Tyrod Taylor is a better quarterback than Joe Flacco
In 2015 and 2016 combined, Joe Flacco has completed 64.7% of his passes. Tyrod Taylor has completed 62.6% of his. That’s the only passing statistic in which Flacco > Tyrod since the latter became Buffalo’s starter.
Tyrod has a better:
- TD %
- INT %
- Yards Per Attempt
- Yards Per Completion
- Adjusted Yards Per Attempt
- QB Rating
- Pro Football Focus QB Rating
- ESPN QBR
- Football Outsiders DVOA
Flacco has thrown the football more often than Tyrod, which has led to higher passing-yard totals. And, yes, the current Ravens quarterback can flash a Super Bowl ring. But as it stands today, Tyrod is a more efficient signal-caller. And most wide receivers consider quarterback quality when deciding which team to join.
Bills can offer Maclin more money this year
The salary cap technically matters, but it’s easy to get around. After Wednesday’s release of Dennis Pitta, the Ravens have around $5 million cap room, per the NFLPA. That doesn’t mean they can only offer him $5M. If they needed to, they could offer him a three-year, say, $18M deal that’d be backloaded in the second and third year. Maclin could count as a $4M hit in 2017 and $7M in 2018 and 2019. Finagling the cap isn’t against NFL rules or necessarily hard to do, especially with signing bonuses being prorated over the life of a contract.
However — and this is a big however — the Bills can provide Maclin with more money this season, as they currently have $11.5M in available cap. Sure, most players like long-term job security (who doesnt?), but the vast majority of NFL contracts today are two-year pacts with little-to-no guaranteed money beyond that, even if they’re reported as three, four, or five-year deals. Maclin certainly knows that. He signed a five-year, $55M deal with the Chiefs in 2015. From Kansas City, he got a $12M signing bonus, and his two fully guaranteed salaries of $750k and $9.5M in 2015 and 2016. That’s it.
The Bills could offer — being reasonable here — a one-year “prove it then get another contract” deal worth more than what the Ravens have left in cap room for 2017. So it theoretically could be a one-year, $8M contract.
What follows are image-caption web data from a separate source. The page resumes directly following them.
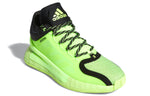 adidas D Rose 11 'Signal Green' FU7405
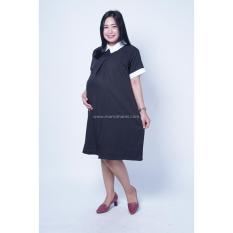 Mama Hamil Baju Hamil Dress Hamil Menyusui Kerja Simple Lovely Dress FREE CD Hamil / Dress Hamil Lucu / Dress Hamil Kantor Dress Hamil Muslim / Dress Hamil Batik / Dress Hamil Modis / Dress Hamil Korea / Dress Hamil Online / Dress Hamil cantik .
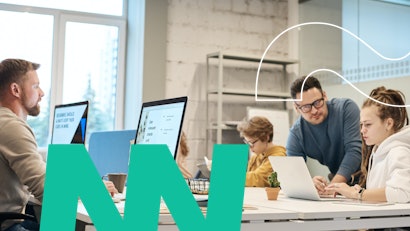 Arbeitswelt 4.0: Neue berufliche Anforderungen.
Buffalo could also offer him a second-year for some job security, and we know the Pegulas aren’t frugal when giving signing bonuses.
In the end, the Bills can give Maclin more money right now than the Ravens can.
Familiarity with Bills assistant coach David Culley
Culley made the switch to QB coach when the Bills hired him this offseason, yet he has spent most of his NFL tenure coaching wide receivers. Maclin had Culley as his position coach in 2009, 2010, 2011, 2012, 2015, and 2016.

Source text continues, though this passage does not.